The partnership seeks to attract private sector capital to climate finance in Indonesia, with the government anticipating that each $1 invested would attract an additional $3 of private capital, fostering greater sustainability efforts in the country.
During a bilateral meeting between Australian Prime Minister Anthony Albanese and Indonesian President Joko Wododo, held during the latter’s three-day visit to Australia, both leaders discussed ways to strengthen collaboration in the electric vehicle (EV) supply chain. President Wododo expressed Indonesia’s ambition to become a global leader in EV manufacturing and sought to deepen joint efforts in battery and electric vehicle production. While no formal agreement has been signed yet, the discussions signal a potential pathway for enhanced cooperation in this critical domain.
Additionally, the Australian government-owned Export Finance Australia will establish a US$200 million capital financing facility for energy transition projects in partnership with PT Perusahaan Listrik Negara, the Indonesian government-owned energy company.
The leaders also welcomed a critical minerals investment plan of action between the Western Australian government and Indonesia’s Chamber of Commerce and Industry, aiming to develop resilient and sustainable supply chains, prioritize environmental and social governance, and cultivate a skilled workforce.

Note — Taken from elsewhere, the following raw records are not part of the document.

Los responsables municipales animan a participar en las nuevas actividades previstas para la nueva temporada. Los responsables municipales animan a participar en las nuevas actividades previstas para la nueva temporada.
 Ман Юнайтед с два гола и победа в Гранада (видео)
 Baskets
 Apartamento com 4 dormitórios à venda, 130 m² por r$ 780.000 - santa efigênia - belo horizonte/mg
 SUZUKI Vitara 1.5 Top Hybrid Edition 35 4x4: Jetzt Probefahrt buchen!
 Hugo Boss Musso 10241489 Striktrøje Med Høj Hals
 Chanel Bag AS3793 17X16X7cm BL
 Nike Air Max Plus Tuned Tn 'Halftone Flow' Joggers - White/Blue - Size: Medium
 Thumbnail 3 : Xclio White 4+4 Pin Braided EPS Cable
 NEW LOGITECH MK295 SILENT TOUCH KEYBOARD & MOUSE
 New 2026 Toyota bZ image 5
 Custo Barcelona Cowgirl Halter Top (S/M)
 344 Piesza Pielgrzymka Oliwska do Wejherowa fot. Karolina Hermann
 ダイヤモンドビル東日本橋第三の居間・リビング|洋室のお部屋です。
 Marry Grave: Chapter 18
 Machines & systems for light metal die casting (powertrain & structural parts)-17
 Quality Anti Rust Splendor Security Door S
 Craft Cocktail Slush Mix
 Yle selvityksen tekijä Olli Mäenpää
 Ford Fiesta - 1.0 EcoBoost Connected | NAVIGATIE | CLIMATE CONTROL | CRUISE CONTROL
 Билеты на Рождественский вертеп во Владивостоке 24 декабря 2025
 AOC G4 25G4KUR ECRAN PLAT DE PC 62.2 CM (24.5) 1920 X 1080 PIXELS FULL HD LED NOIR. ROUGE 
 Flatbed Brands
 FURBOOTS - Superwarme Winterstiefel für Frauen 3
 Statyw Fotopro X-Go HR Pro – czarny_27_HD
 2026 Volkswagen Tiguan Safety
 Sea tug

Moreover, the Australian Prime Minister announced that three Australian universities – Western Sydney University, Deakin University, and Central Queensland University – would set up campuses in Indonesia, furthering educational and research collaboration between the two countries.
As part of the bilateral agreements, Australia would extend the duration of business visas for Indonesians from three to five years and offer eligibility for the frequent traveler visa, granting a 10-year visa validity.
Wednesday marked the third anniversary of the Australia-Indonesia free trade agreement, with the bilateral trade in goods and services reaching $23.3 billion in 2022.
President Widodo is scheduled to visit Australia again in March 2024 during the ASEAN Summit hosted by Australia, fostering ongoing diplomatic and economic cooperation between the two neighboring nations.